Thousands of protesters, some shouting “Long live Islam!” and “Death to America!” staged demonstrations across Afghanistan for a third day. Protesters climbed the walls of a U.S. base in the east, threw stones inside and adorned an outside wall with the Taliban’s trademark white flag.

At other sites, demonstrators burned tires or American flags. Afghan police and international troops fired guns in the air to disperse the crowds.

The protests sparked clashes with Afghan security forces that left at least five demonstrators dead. A Norwegian soldier was wounded by a hand grenade hurled into a coalition compound.

On Wednesday, six people died in protests in Kabul and three other provinces.

The civil unrest comes at a time when Afghan President Hamid Karzai is trying to negotiate a long-term partnership agreement with the United States to govern the activities of U.S. forces in Afghanistan after 2014, when most foreign combat troops will have left or taken on support roles.

Karzai called for calm until an investigation is completed, but the incident highlighted the fitful and often strained relationship of the two nations.

White House press secretary Jay Carney told reporters aboard Air Force One that Obama’s apology to Karzai was “appropriate given the sensitivity” of the issue. He said the apology was part of a three-page letter to the Afghan leader. Presidential apologies are rare, but he noted that former White House press secretary Dana Perino apologized on behalf of President George W. Bush in 2008 after a U.S. serviceman shot a Quran.

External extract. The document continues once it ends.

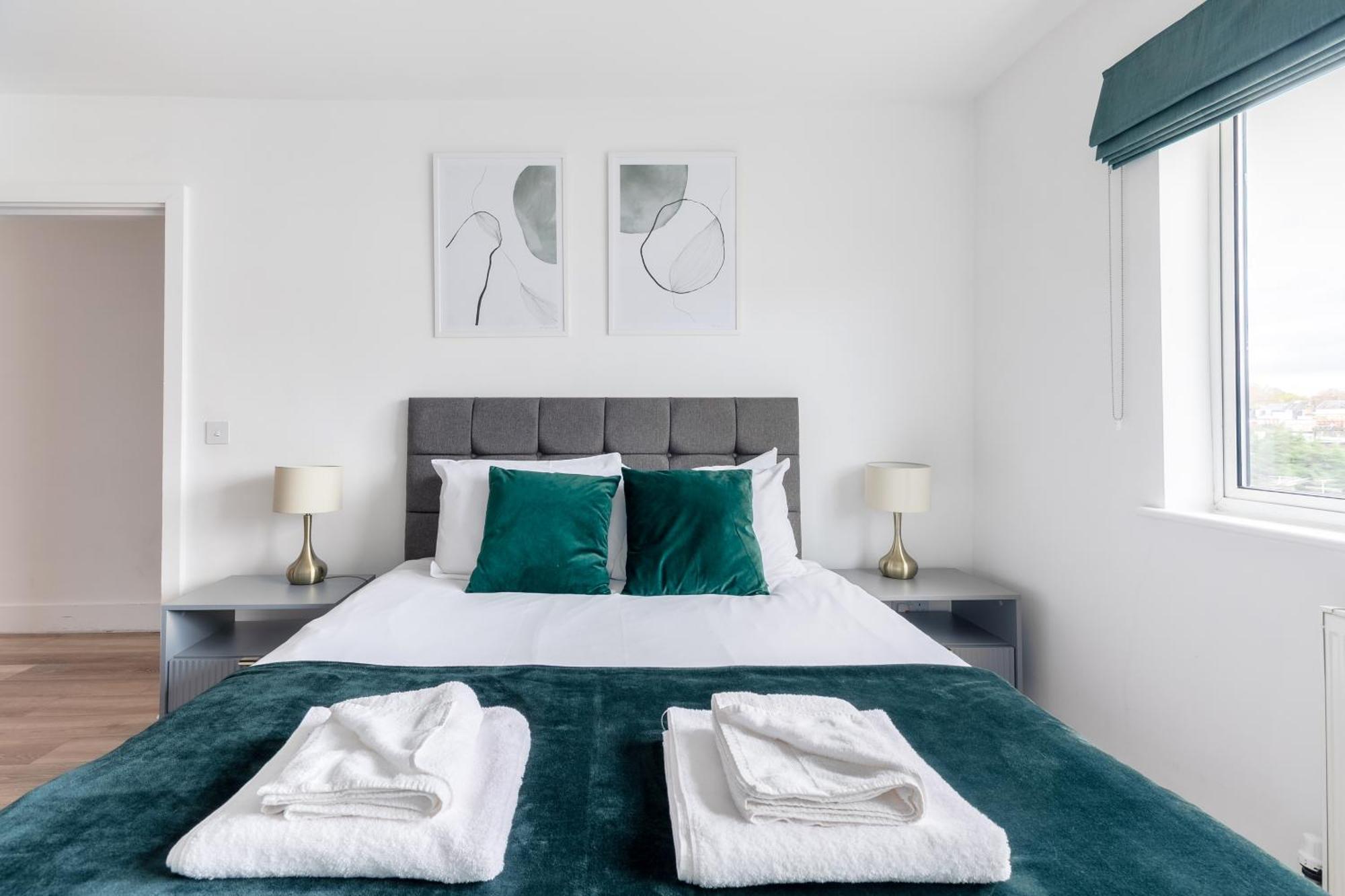 Stylish Apartments - Kensington 伦敦 外观 照片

Tommy Vietor, a spokesman for the National Security Council at the White House, said Obama’s letter, which addressed issues being negotiated in the partnership document, was delivered by Ryan Crocker, the U.S. ambassador to Afghanistan. In the letter, Obama expressed “regret and apologies over the incident in which religious materials were unintentionally mishandled.” Vietor said

Karzai met Thursday with parliamentarians — many of whom had been particularly vitriolic Wednesday in calling for Afghans to wage a holy war against international forces. The Afghan president told the lawmakers they were right to raise their voices against the desecration of Islam’s holy book, but said a government investigation was the appropriate way to handle the case, according to a statement issued by his office.

The statement said Karzai told the lawmakers that a U.S. officer responsible for the burning “didn’t understand” what he was doing and the United States had “accepted the mistake of its officer.”

The coalition said the investigation is still under way.